Marseille’s protagonist, a West African man once full of the spirit to dance living in the Jazz Age, becomes disabled when he attempts to be a stowaway on a freighter headed to the United States. He is caught, locked in the frigid-aired toilet room, feet soon frostbitten. His feet are amputated and replaced with cork stumps. Despite this horrific sacrifice, the court’s power is on his side. Finding himself newly wealthy after a generous court settlement, he reunites with the beautiful, lively, queer, and culturally diverse people of Marseille, the port city of France. His newfound fortune even though he is disabled, however, offers newfound opportunity for the greedy and the prejudiced to take advantage. But does Lafala play the fool once more?
This book is highly relevant to today, and the element that seemed to make it the most (let’s say) dangerous (I mean dangerous in the way that they probably viewed it at the time, and not the way I view it) was that it displayed queerness casually, openly in a time where queerness wasn’t accepted in the same way it is today. The story weaves even more dangerous ideas about the rise of socialism, and how it is not only a movement to shift the economy but an oddly backward racial representation game as well. Add that to the fact that the book pursues pleasure at its forefront for characters who are usually oppressed, then yeah, I guess you’ve got a risqué novel.

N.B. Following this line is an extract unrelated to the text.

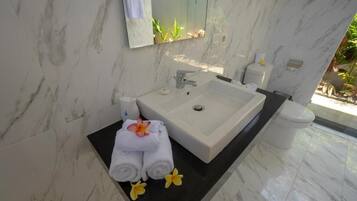 Villa, 3 Bedrooms, Private Pool, Garden View | Bathroom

Even though the novel is short, it’s so substantial in concepts – black history, queerness, disability, global politics. In the history of literature, it also embodies an example of the stowaway narrative akin to the slave trade.
Beyond it seeming only like a novel full of important ideas, though, it doesn’t skimp on plot intrigue. It is also a novel with a meaningful story and complex characters that are neither fully good nor bad at heart. Especially Lafala, who isn’t presented as merely a victimized black, disabled man but a flawed human being who feels deeply. He is someone for whom you can sympathize even if you cannot empathize. He leads a romance with a Moroccan prostitute, Aslima, that is both tragic and in its own way – at times – beautiful. In fact Aslima feels as much a part of the story as Lafala. Romance in Marsielle is a novel that proves that you can achieve something that covers a wide variety of concepts in a concentrated, succinct manner.
…..
To me, rating this book doesn’t seem pertinent – only because it’s important to history, and for that reason alone, it’s worth a read. Still, in the act of fairness, I have left my overall score at the bottom.
If I am to criticize anything about the formal aspects of a Romance in Marsielle – it would be in the style. It is written simply with you feeling some parts more than others.
It seemed like there was some missed opportunity to do more with the language to help the reader with the sensory experience. Perhaps, though, having a sensory experience in a novel is not important to you.